Even if you don’t get everything you play memorized perfectly, you’re still building music connections in your brain. And you’ll probably surprise yourself. The more music you memorize, the easier additional memorization becomes.


Philosophies for Learning to Play the Guitar at 60: Metronome

Philosophy #8

Use a metronome. Both to keep steady time and to challenge yourself to play with increased speed.

As a high school student, I ran middle distances for my track team and was introduced to a world carefully measured in minutes and fractions of seconds. Our coach, Bob Bowersox, kept meticulous records. He recorded our race times, of course, but he also kept records of our workout times as we ran repeated intervals of 440 and 880 yards and he encouraged us to do the same. Thus, over the course of a season, we had proof of our individual progress as race times and practice times got faster and faster.

It’s a strategy that applies to guitar work as well – one my daughter, Maia, used as she became an accomplished violinist and later a pianist and guitar player. I occasionally give myself “time trials” and record the results in metronome-measured beats per minute in my music book. It’s a confidence boost to document that songs and scale exercises I initially struggled with are becoming faster and smoother. At the same time, using a metronome helps me push myself toward these kinds of improvements.

The main reason to use a metronome, though, is to help develop a sense of steady rhythm. Set the metronome for a beat you can handle and play along with it.
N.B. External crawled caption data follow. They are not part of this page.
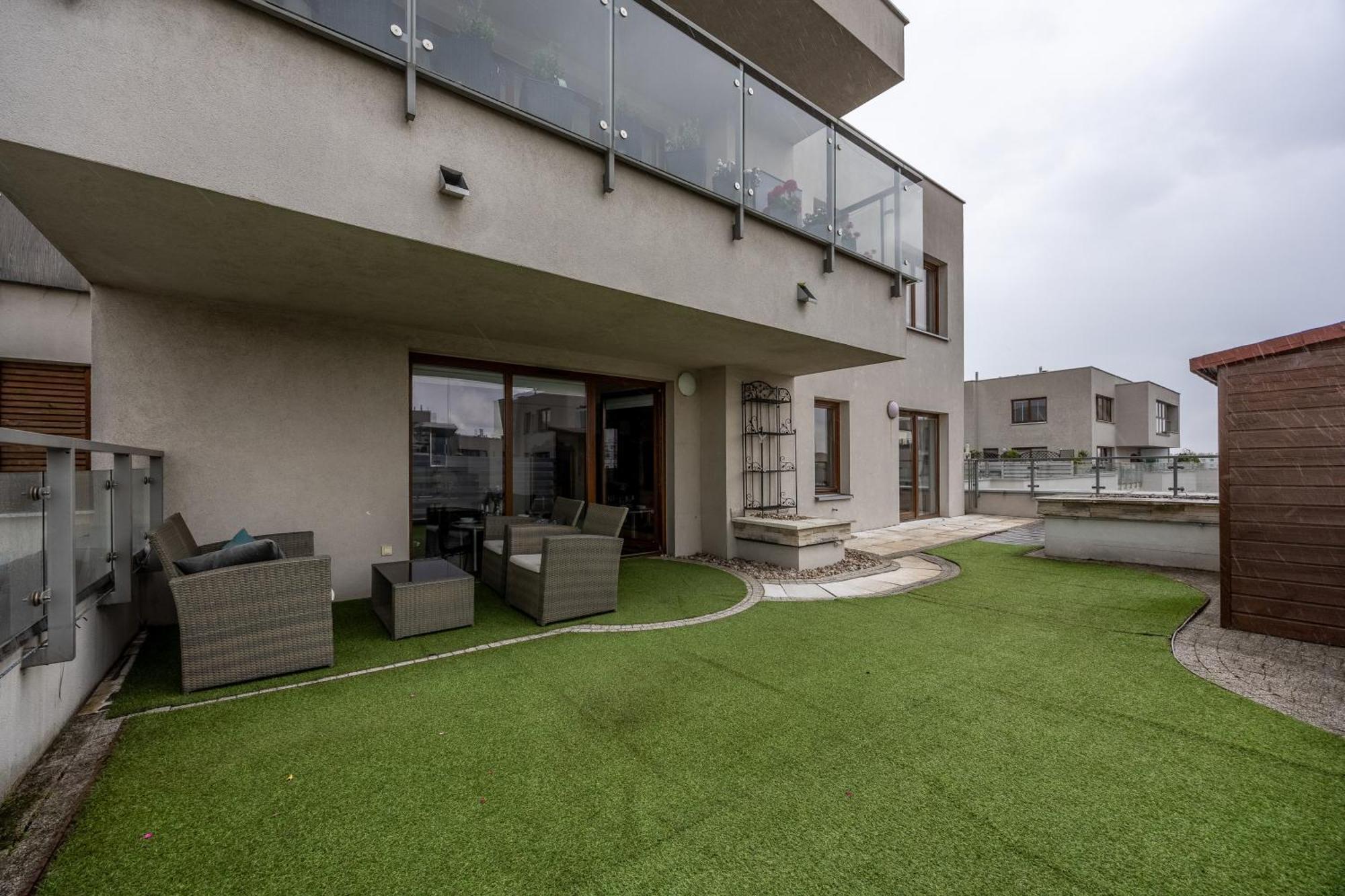 Sokratesa Business - 52m2 Terrace, Parking, Metro Nearby - By Rentujemy Apartment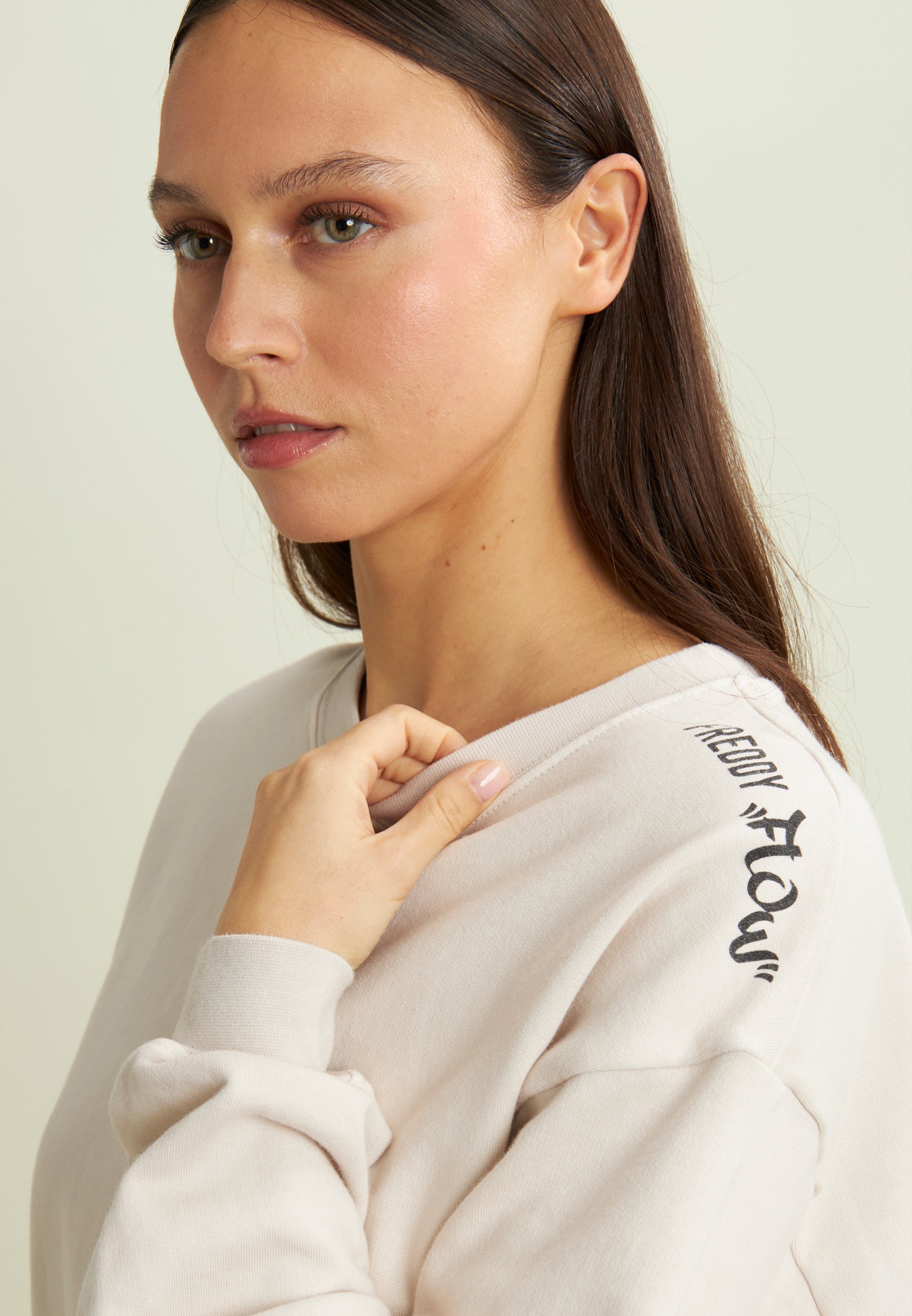 freddy-sweat-oversize-cropped-flow-paule image 4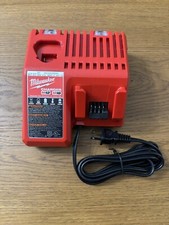 Milwaukee 12-18V Caricabatterie- Rossa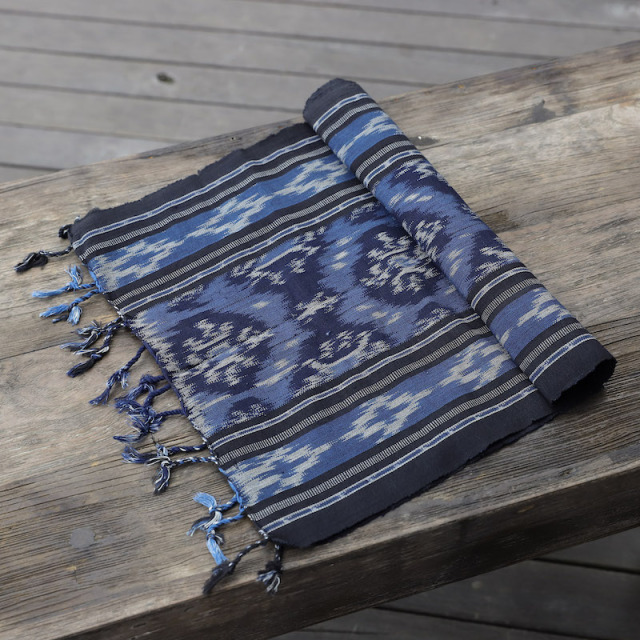 ジャワイカット（インドネシア絣・綿100%・機織り） (NRA932-01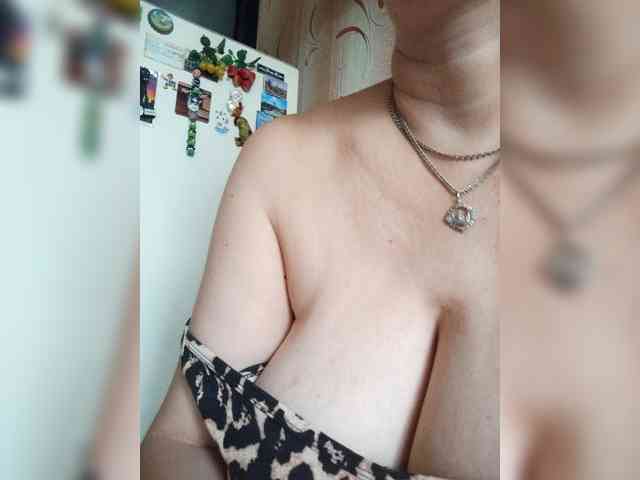 MissieLorrie webcam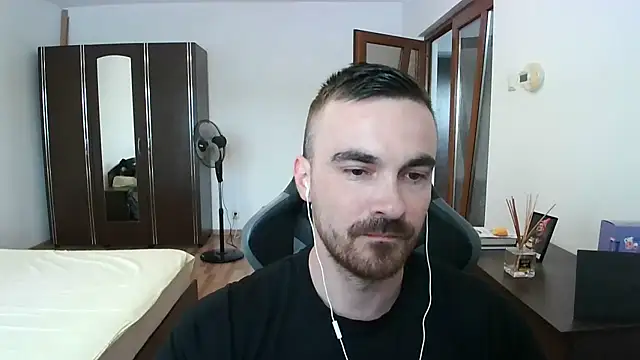 Snapshot of mu5clemania2 chatting on July 2026 01:36:01 PM mu5clemania2 online show from July 2026 01:36:01 PM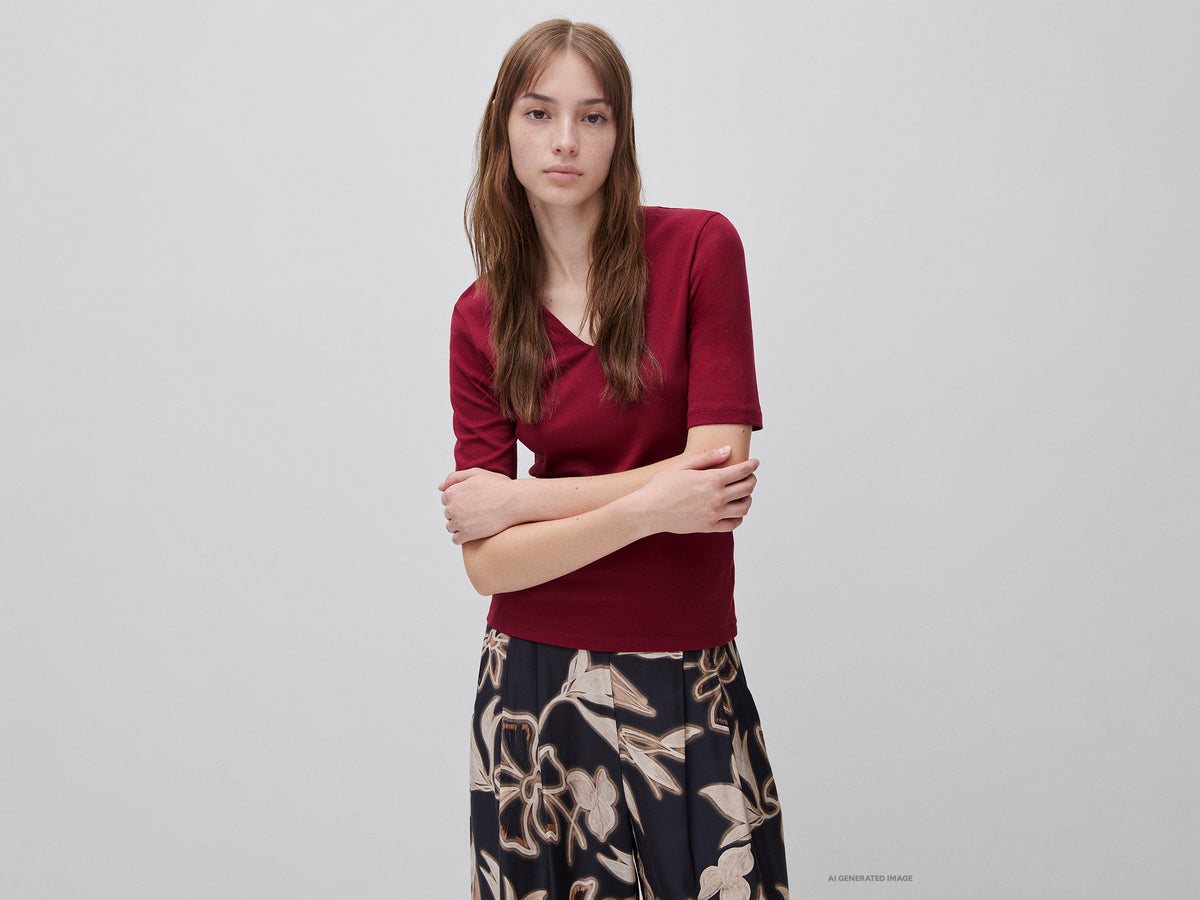 T-shirt slim fit em algodão de fibra longa - ucb_image_F
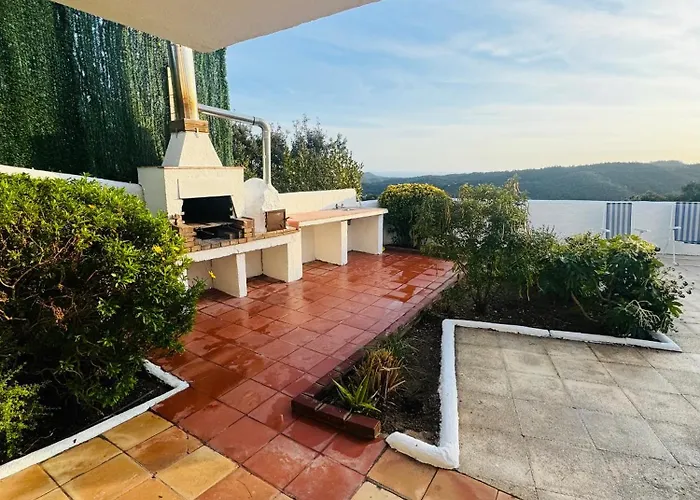Exclusiva Casa Con Vistas Despejadas Al Mar Y Piscina Privada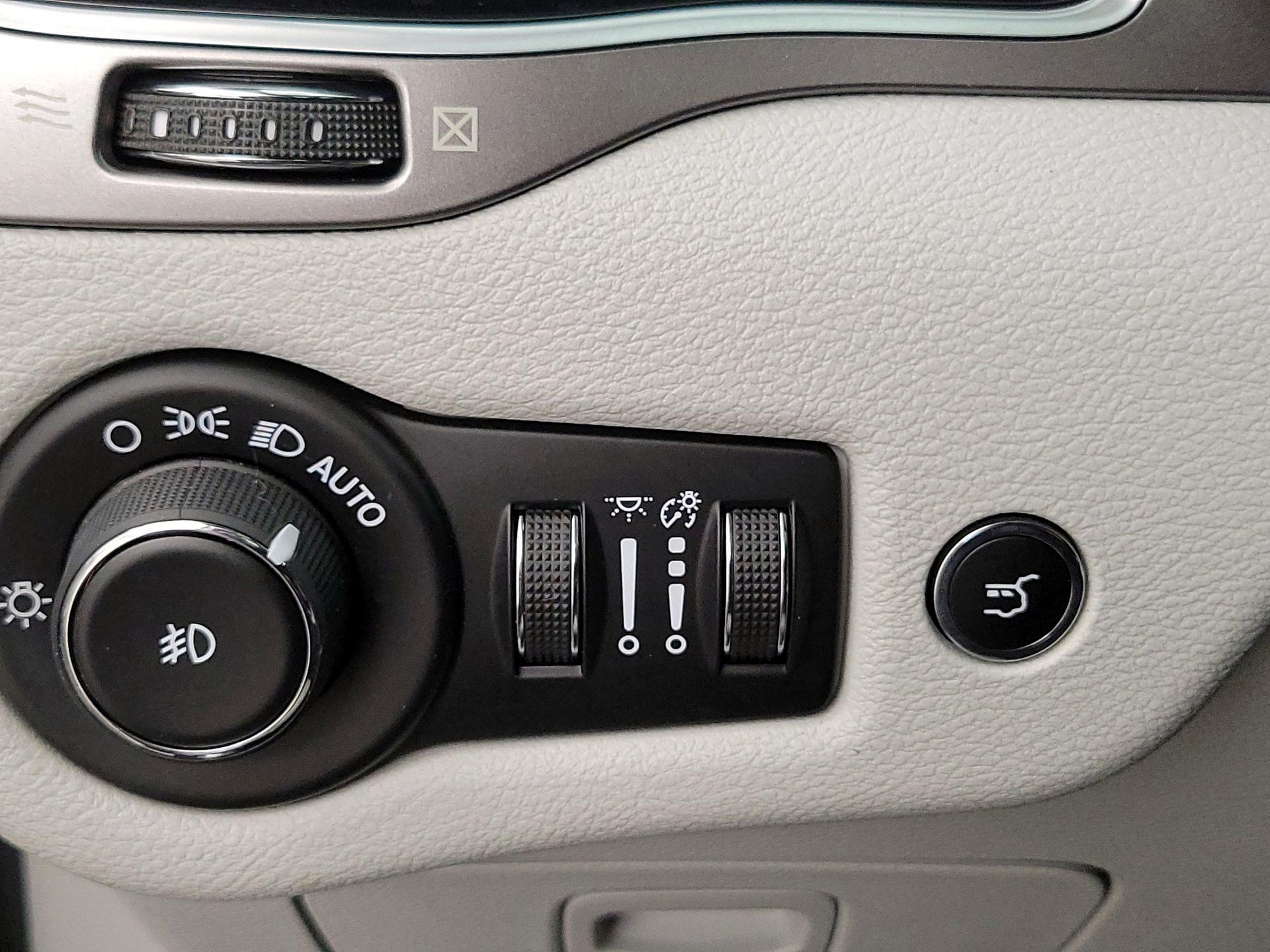 Thumbnail: 2019 Jeep Cherokee - 13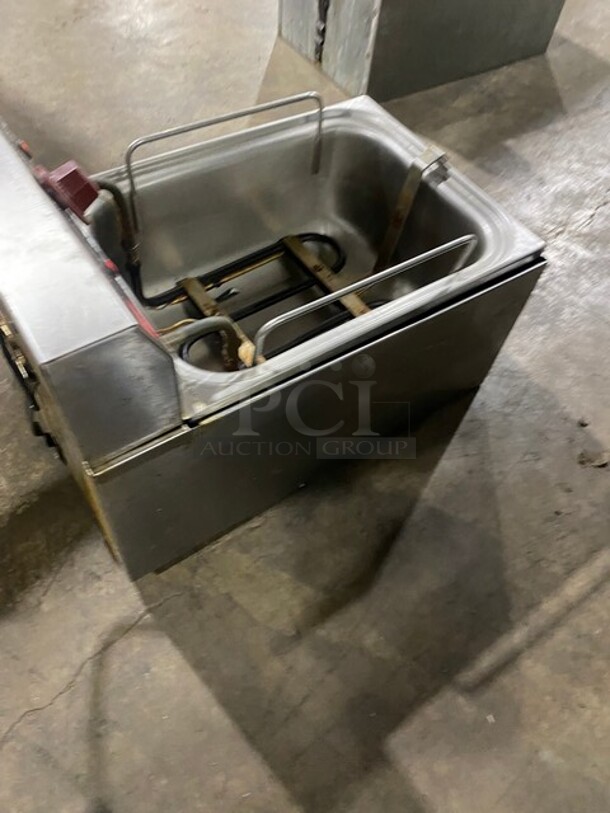 Cecilware Commercial Electric Powered Countertop Deep Fat Fryer! All Stainless Steel! 120V 1 Phase! Model: NJ03A! - Image 4 of 8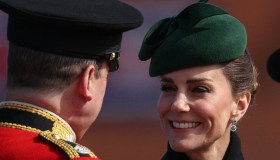 Kate Middleton, per San Patrizio indossa la “divisa” verde da Colonnello e incanta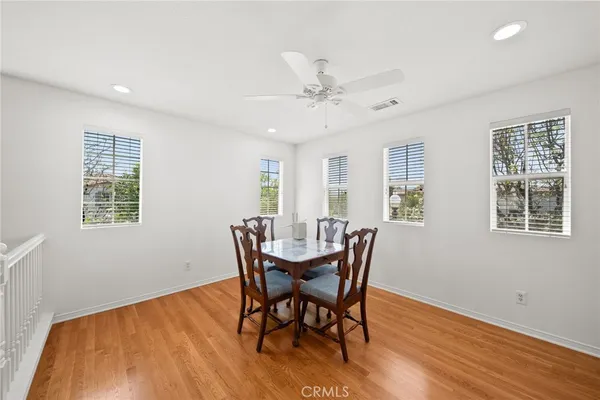 $884,900 | 24245 Silhouette Way, Valencia, CA 91354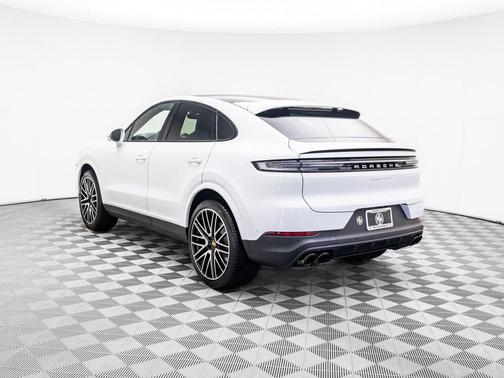 2025 Porsche Cayenne S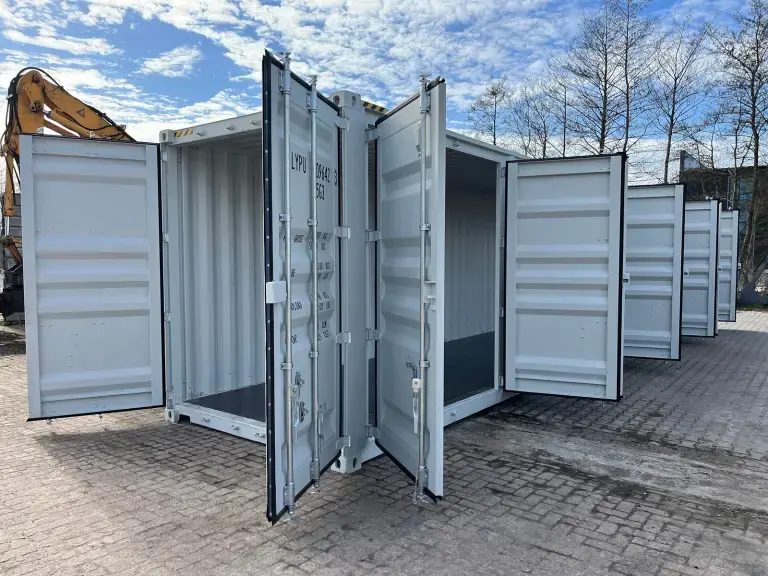 40 foot hq high cube shipping container with 4 side doors 40 foot hq high cube shipping container with 4 side doors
The metronome will remind you not to rush easy passages, and it will also help you identify places where you stumble and need more work.

Philosophies for Learning to Play the Guitar at 60: Scales

Image courtesy Wiki Commons

Philosophy #7

7. Practice and memorize scales. Scales are the key to chords and melodies.
In his book about the Brooklyn Dodgers baseball team, The Boys of Summer, author Roger Kahn provides insight into George “Shotgun” Shuba’s bat swing which was famous for producing hard line drives and was said to be “…as natural as a smile.” The backstory on that “natural” swing, according to Shuba, was that for a time in his life, each night before he went to bed he performed hundreds of swings with a 44 ounce bat. Many thousands of swings later he had developed that “natural” swing.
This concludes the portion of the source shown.